_DIRECTIONS FOR THIS TASK_: If a line in the data contains "Summer", copy it out.
-------- THE INPUT --------
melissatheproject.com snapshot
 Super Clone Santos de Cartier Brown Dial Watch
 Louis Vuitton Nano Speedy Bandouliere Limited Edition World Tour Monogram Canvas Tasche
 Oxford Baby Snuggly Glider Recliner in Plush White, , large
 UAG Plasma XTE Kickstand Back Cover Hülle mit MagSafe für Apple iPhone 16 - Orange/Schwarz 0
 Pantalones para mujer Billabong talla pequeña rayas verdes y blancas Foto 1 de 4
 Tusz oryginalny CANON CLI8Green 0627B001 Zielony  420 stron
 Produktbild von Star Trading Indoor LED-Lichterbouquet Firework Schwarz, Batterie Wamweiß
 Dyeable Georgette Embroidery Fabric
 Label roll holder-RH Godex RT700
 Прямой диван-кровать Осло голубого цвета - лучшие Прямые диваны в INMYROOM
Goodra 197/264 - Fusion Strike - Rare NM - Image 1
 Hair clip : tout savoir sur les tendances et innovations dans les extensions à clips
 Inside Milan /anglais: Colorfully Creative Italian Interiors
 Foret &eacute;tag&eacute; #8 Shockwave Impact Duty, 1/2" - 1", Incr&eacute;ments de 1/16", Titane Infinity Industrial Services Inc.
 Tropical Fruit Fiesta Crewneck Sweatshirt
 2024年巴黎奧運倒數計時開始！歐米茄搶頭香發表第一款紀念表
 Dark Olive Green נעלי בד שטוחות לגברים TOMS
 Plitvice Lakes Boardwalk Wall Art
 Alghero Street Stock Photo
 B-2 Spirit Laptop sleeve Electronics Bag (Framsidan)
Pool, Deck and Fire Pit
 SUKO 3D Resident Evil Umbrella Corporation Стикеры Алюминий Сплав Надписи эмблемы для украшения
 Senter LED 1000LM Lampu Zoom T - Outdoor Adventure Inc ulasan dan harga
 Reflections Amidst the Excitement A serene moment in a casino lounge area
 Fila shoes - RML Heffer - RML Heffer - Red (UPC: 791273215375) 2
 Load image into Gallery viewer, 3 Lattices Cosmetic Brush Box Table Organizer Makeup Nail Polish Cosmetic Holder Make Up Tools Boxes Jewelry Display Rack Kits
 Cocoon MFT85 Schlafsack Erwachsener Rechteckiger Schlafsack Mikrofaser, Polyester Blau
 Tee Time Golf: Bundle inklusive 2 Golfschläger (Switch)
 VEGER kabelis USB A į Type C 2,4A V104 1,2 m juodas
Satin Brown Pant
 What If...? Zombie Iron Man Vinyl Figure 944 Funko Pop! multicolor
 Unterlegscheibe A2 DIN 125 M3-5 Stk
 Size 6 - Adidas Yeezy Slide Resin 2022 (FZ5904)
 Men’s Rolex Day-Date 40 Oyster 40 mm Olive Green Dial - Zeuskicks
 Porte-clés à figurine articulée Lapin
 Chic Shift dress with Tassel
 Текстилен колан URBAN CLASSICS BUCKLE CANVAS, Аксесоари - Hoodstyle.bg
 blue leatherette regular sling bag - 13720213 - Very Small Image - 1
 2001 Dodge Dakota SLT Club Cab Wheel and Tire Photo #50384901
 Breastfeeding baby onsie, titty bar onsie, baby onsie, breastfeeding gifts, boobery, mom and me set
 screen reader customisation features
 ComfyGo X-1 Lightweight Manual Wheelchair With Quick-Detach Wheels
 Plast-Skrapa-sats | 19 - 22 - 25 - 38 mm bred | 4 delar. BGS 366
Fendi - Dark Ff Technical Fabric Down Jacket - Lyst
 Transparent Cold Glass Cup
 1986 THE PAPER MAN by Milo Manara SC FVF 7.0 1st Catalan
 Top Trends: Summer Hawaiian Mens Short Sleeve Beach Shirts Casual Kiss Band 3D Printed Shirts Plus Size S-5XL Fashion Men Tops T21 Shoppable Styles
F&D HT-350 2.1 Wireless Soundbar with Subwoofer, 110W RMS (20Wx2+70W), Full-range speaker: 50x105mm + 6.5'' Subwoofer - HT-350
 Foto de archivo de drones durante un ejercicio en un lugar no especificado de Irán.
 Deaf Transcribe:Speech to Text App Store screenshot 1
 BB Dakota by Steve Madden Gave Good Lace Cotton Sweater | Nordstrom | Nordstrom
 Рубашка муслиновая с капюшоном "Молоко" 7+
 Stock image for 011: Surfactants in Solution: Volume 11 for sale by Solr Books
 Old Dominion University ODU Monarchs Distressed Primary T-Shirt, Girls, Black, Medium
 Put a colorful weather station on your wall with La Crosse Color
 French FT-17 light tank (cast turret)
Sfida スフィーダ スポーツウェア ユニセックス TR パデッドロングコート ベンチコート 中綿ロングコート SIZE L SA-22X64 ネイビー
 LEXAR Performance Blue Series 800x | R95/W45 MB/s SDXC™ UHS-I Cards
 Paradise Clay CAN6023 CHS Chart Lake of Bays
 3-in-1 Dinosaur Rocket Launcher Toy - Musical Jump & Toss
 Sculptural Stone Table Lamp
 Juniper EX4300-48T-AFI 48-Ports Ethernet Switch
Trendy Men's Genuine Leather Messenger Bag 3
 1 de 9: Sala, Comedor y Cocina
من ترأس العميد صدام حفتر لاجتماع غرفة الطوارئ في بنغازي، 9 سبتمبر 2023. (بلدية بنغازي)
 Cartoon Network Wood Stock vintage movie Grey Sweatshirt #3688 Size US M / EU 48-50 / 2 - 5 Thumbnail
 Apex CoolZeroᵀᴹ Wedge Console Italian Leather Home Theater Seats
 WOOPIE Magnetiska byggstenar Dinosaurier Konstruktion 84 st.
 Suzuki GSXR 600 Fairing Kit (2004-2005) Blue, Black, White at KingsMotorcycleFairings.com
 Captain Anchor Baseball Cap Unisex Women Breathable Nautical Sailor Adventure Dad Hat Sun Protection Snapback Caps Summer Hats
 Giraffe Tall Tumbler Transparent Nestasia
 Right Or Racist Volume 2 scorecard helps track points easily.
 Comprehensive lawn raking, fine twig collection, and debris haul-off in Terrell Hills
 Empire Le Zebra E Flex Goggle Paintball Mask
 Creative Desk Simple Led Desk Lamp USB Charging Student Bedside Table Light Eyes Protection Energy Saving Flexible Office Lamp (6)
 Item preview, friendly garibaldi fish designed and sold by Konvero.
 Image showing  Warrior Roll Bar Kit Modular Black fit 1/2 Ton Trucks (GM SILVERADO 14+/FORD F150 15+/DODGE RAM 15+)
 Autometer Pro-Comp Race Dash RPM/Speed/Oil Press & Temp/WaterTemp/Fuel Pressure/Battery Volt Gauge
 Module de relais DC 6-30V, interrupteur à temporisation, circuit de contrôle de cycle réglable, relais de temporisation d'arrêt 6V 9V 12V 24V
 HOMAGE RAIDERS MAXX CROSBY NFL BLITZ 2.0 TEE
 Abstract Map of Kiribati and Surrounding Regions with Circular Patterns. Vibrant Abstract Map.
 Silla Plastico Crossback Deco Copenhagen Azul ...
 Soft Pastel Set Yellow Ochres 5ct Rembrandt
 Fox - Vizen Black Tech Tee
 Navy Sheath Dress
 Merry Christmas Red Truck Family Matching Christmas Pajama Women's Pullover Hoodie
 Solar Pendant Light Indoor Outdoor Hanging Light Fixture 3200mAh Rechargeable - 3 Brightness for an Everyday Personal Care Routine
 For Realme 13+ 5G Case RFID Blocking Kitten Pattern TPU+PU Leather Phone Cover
--------
_ANSWER SPACE_:
 Top Trends: Summer Hawaiian Mens Short Sleeve Beach Shirts Casual Kiss Band 3D Printed Shirts Plus Size S-5XL Fashion Men Tops T21 Shoppable Styles
 Captain Anchor Baseball Cap Unisex Women Breathable Nautical Sailor Adventure Dad Hat Sun Protection Snapback Caps Summer Hats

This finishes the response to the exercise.